A 91-year-old man with Alzheimer’s dementia presents with severe right hip pain after a fall at his nursing home. His family reports that he is dependent in most of his activities of daily living (ADLs) and can normally ambulate short distances with a walker. He is alert and oriented at baseline but has been more confused since his wife died a week earlier from pneumonia. His only new medication is lorazepam as needed for anxiety. On admission, the patient is diagnosed with a displaced femoral neck fracture, delirium, and healthcare-associated pneumonia, with a new oxygen requirement of 5 L/min. The orthopedic surgery service requests a medicine consult. How should this patient be managed perioperatively?

Overview

Hip fractures are a major health burden on the United States’ geriatric population. The lifetime risk of hip fracture is approximately 17% for Caucasian women and 6% for Caucasian men.1 In 2010, an estimated 258,000 people aged 65 years and older were hospitalized with hip fractures.2 This number is expected to climb to 289,000 by 2030.
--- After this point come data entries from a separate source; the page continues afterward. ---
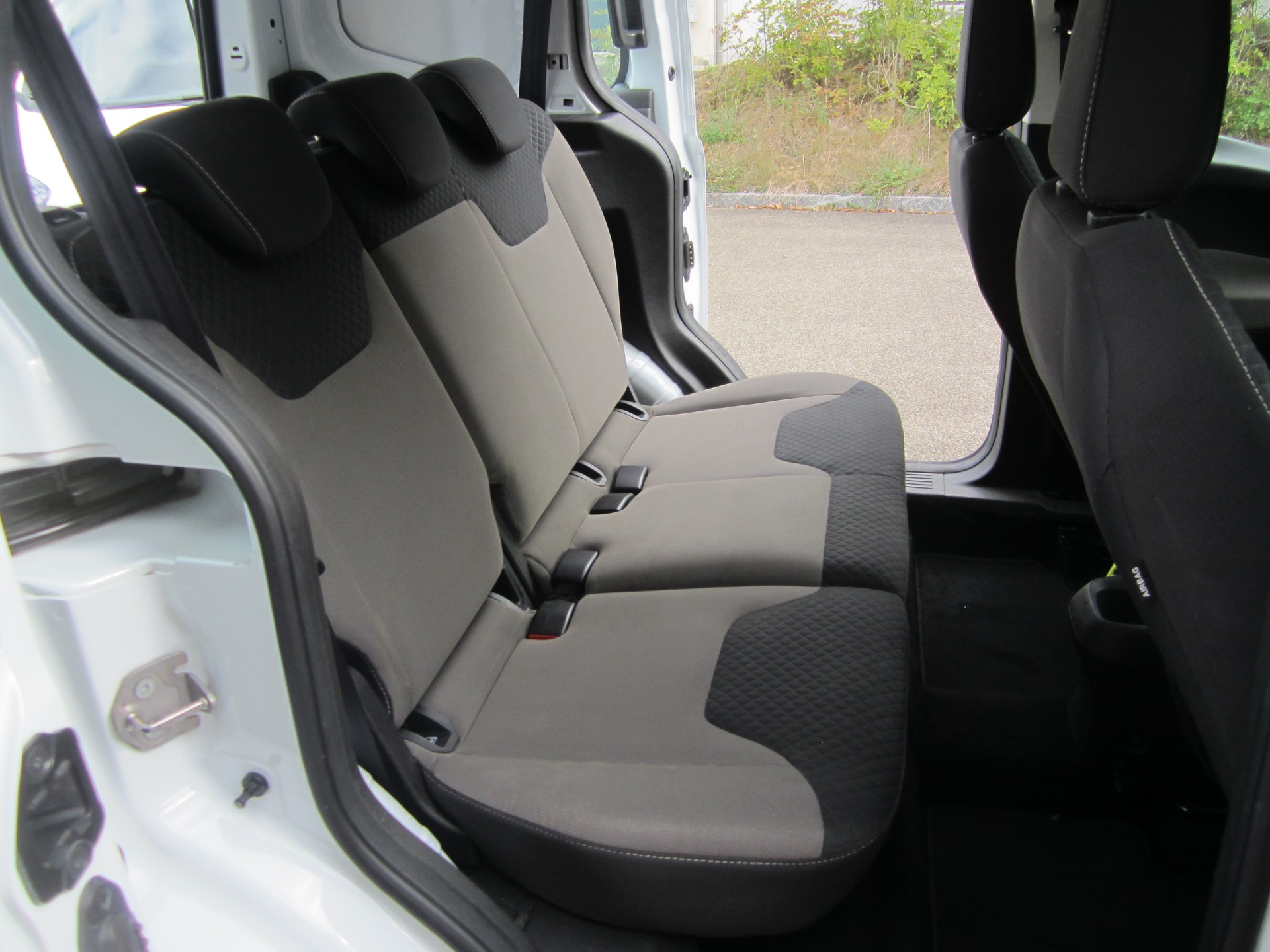 FORD Transit Courier Combi 1.5 TDCi Trend-image-6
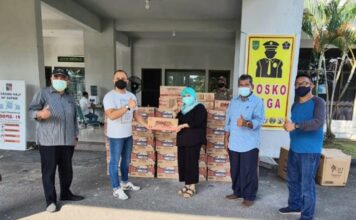 PT Wings Salurkan Bantuan untuk Pasien Covid-19 di Asrama Haji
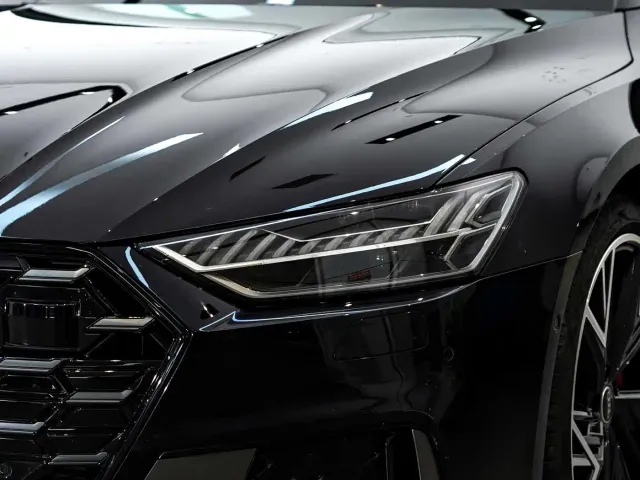 Audi A7L — Фото автомобиля 9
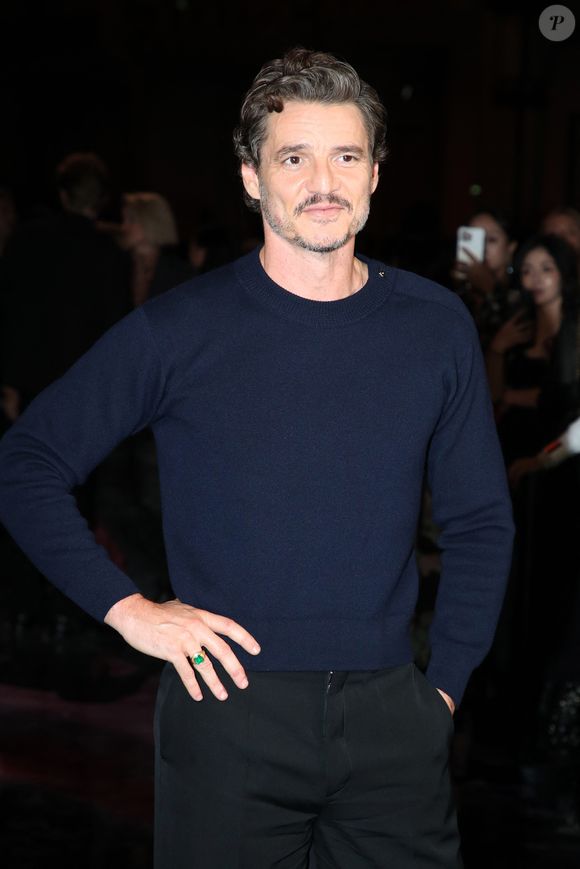 Pedro Pascal - Célébrités au Défilé Chanel, Collections Prêt-à-porter Printemps / Eté 2026, dans le cadre de la Fashion Week de Paris. Au Grand Palais à Paris, France, le 06 Octobre 2025. 

© Bertrand Rindoff / Bestimage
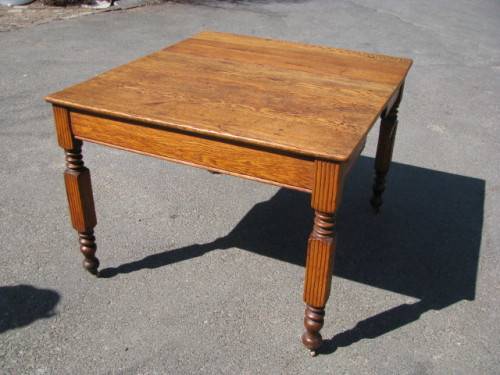 DM84Sale ANTIQUE OAK COLONIAL TABLE ON CASTORS @@@ Crazy Low R1 Start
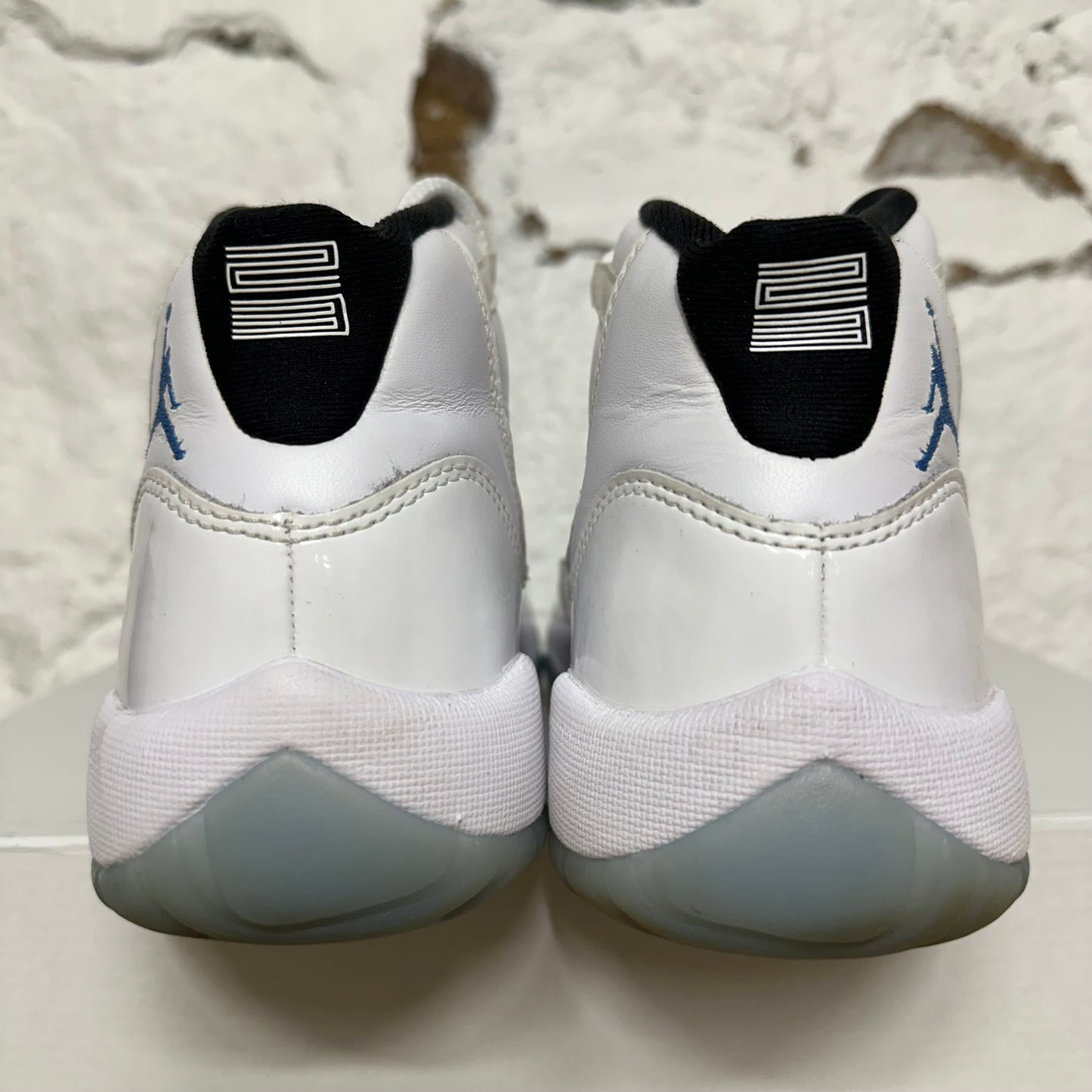 Air Jordan 11 High Legend Blue (2024) Sz 7Y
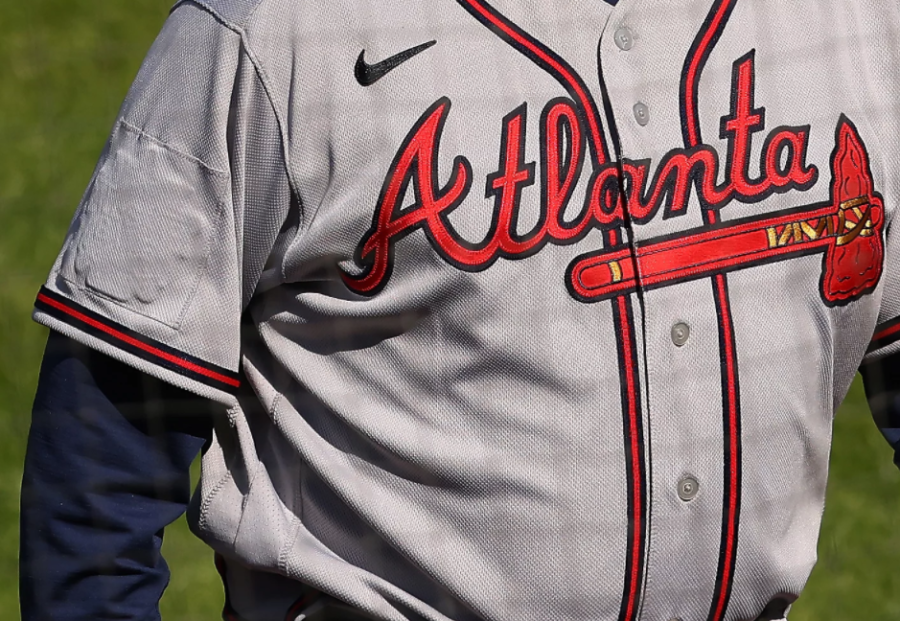 Atlanta, GA, USA. 09th Apr, 2022. The 2021 World Series Champions patch is  displayed on the right sleeve of the Atlanta Braves jersey during a MLB  game between the Atlanta Braves and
In total, hip fractures directly cost the healthcare system about $18 billion per year.1

Hip fractures, like most other geriatric syndromes, are almost invariably multifactorial in etiology. They occur at the intersection of general frailty, bone fragility, and fall risk. Hip fractures too often trigger a further downward spiral in elderly patients, as deconditioning and acute complications compound chronic comorbidities and compromise any remaining physiologic reserve. Mortality after a hip fracture approaches 25% at one year.3 An excess mortality risk persists for at least 10 years.4 Of the patients who survive six months, only 50% can perform their ADLs, and only 25% can perform their instrumental ADLs as well as they could prior to their fracture.5,6

Key Points

  • Patients with acute hip fractures should undergo surgery within 24-48 hours if medically stable.
  • Hospitalists should strive to prevent perioperative complications such as delirium, venous thromboembolic disease, and postoperative infections.
  • Fragility fractures of the hip are a sign of osteoporosis and warrant treatment with calcium, vitamin D, and bisphosphonates.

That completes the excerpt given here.